If you don’t include security testing, risk assessments, compliance evaluations as part of the entire software delivery or release pipeline, you’re putting your organizations at risk. It goes beyond just failed release or delay in getting a feature out in the market, you’ll be introducing vulnerabilities into production, bypassing compliance and failing audit tests. All of these instances of security negligence could have penalties and fines associated with them. 

Security in DevOps is a part of the natural evolution DevOps

DevOps is not a technology but a cultural organization shift that organizations need to make. If we break down DevOps, it comes down to developers and IT operations. What is in the name? DevOps, if we look down at the history, it all started with developers, as in agile, breaking down codes into smaller components. Then they moved around on to the next constraint, “How can we deploy faster”. So we got really good at infrastructure as code and at deploying to not just our private cloud but our public clouds as well. The third constraint was testing. So we started to introduce automation testing into the release process, which evolved into continuous testing as we started shifting testing earlier in the release process.

Security is a constraint if you think otherwise

As I said, it is a natural evolution, now we are in rendezvous with the fourth constraint—security. However, this constraint is not going very well with existing DevOps practices of continuous integration and delivery. To fix the things, it might take renaming DevOps to DevSecOps. DevOps are fine with it because security has always been the last step in that release process and security teams really don’t step in until the code is ready to move into production. I mean in terms of DevOps, a delay in release process of months even weeks is synonymous to blasphemy. Introducing security to DevOps is not as simple as we introduced testing to it. The notion “you move security ‘left’ and things will go right” will not work outright. It requires a change in mindset at organizational level of getting security to work with developers. It requires us to reevaluate and come up with better technology to be able to introduce security into our existing DevOps pipelines. 

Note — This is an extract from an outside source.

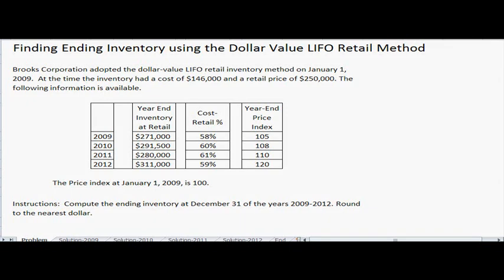My name is Brooke Bexted and I'm from the Beta Alpha Psi Chapter from the University of Wyoming. Today I'm going to be doing exercise 9-27 and we're going to be finding ending inventory using the dollar value LIFO retail method. First I'm going to read the problem and then we'll go through the solutions together.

Security is boring but ‘right’

Security people have traditionally been tool operators. Some security people might do scripting but there’s a wide disassociation with software engineering group. Developers tend to criticize security people. For them, it is easy to break something than it is to build it. As companies are getting velocity and everyone’s a software company, they’re all building things faster quicker and security is last in the pipeline because it doesn’t inherently provide any business value other than risk reduction. Therefore, the security was left behind not just because DevOps was moving delivery pipelines too fast for security to catchup, but security teams took DevOps as something of a trend in line with agile. 

Eventually, it comes down to business value

Ultimately, security became a part of DevOps after organizations recognized it was a legitimate movement and provides business value. We finally realize that’s conveying and communicating risk reduction must be done at every part of the pipeline whatever your software development cycle looks like. From waterfall to continuous integration whatever you have in place, putting security in that as part of it whether it’s in name of the title or how we talk about it. I think that’s more of a sort of gimmick. Really, those cultures can come from works but just sliding security in DevOps is a start but there’s a lot behind that.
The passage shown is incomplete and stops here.